For many organizations today, there’s a valuable lesson to be learned here. The mission statement, vision statement and core values are only as effective as they are ingrained in the culture of your organization. It is one thing to post the words and images on a website, digital signage or in a video. It is another to live and breathe the mission in each and every task. Every member of the team must understand how valuable their role is in the success that is required to achieve the mission.
For instance, the production assistant in a video production team is just one player, but their ability to manage multiple concurrent tasks and maintain many small details plays a crucial role in the overall success of the production. In this example, one element of the producer’s role is to make sure everyone on the team has a clear sense of the “mission” and how their contribution lends to the success of the show.
In a retail environment, the team members who pack and ship inventory to the stores must understand the role they play in customer satisfaction. Likewise, team members in the accounting department must understand the contribution they make to overall company operations so that customers perceive that they are getting good value when they purchase the products. The store personnel, whose role in customer satisfaction used to be so obvious, now must realize that their store and their company’s e-commerce offerings have to work synergistically to create a great customer experience.
Rolling out a mission statement, vision statement and/or a core values program is only the beginning.
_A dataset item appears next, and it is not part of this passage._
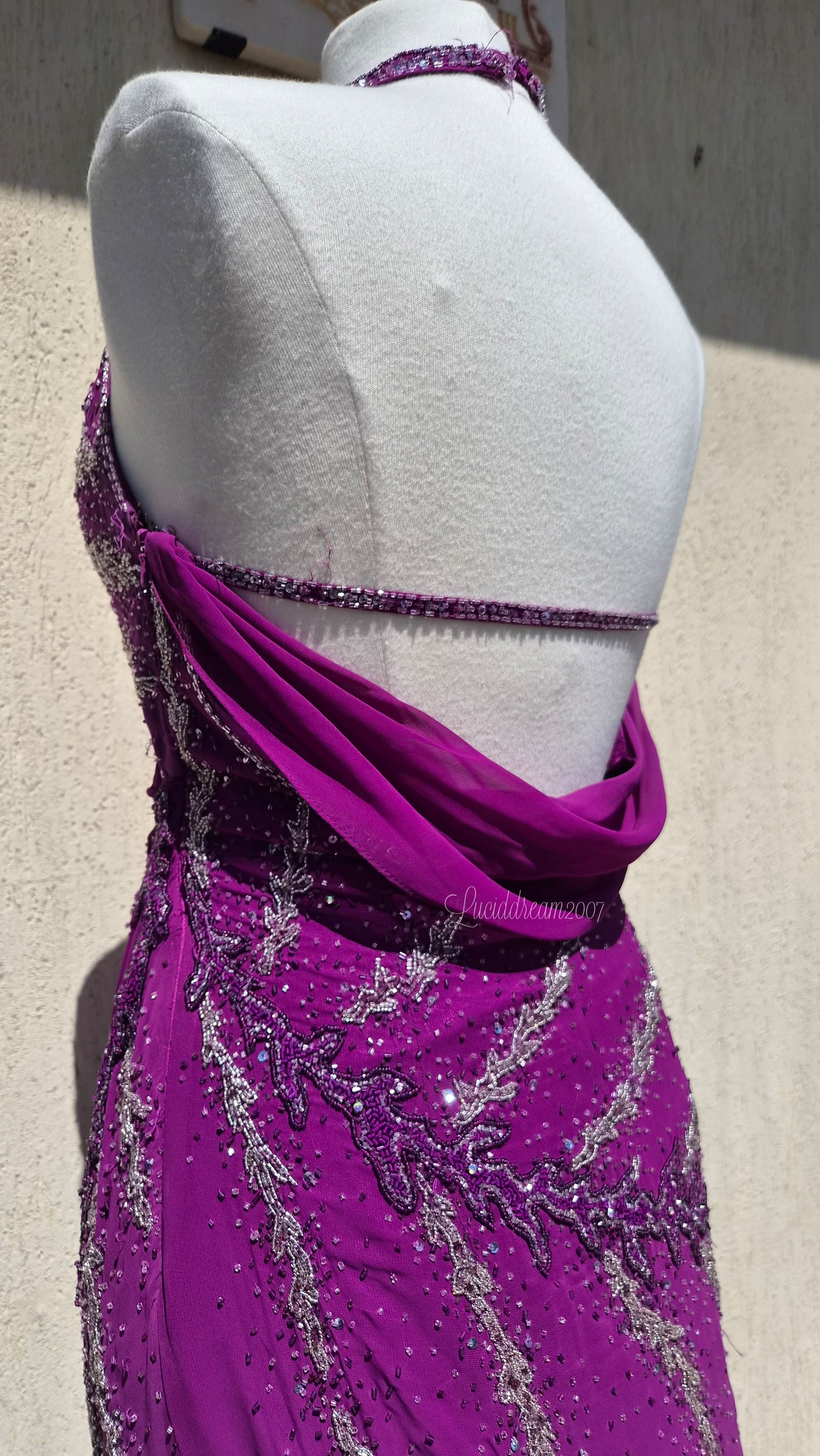 Robe dos nu violette brodée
To make them truly effective, they must be reinforced consistently at every level of the organization. No matter what the industry, here are some key approaches our company takes, and that any organization can take, to reinforce the importance of each and every role as it relates to the company’s mission:
• At every level of the organization, thank employees regularly for their many contributions while tying their contributions back to the company’s mission. This can be a simple email, a verbal thanks at the water cooler or a more formal recognition. The impact of the thank you — no matter what form it comes in — is what will resonate with employees.
• Host a “State of the Company” on a quarterly or biannual basis where leadership brings every member of the organization into the fold on financials, future goals and other key elements that support the mission and vision of the company.
• Recognize employees for what they do to deliver on the company’s mission. Whether it’s a special lunch or something like a gift card, any tangible gesture to say thanks for what they do will go a long way.
Everyone from the CEO to the lowest-level supervisors must invest in making sure their team members understand and believe that the functions they perform are critical to the success of the organization. They must walk the talk every day. To support them, the communications team must consistently reinforce those programs through all touch points. It is then that those statements will truly become a part of the culture and drive the desired success.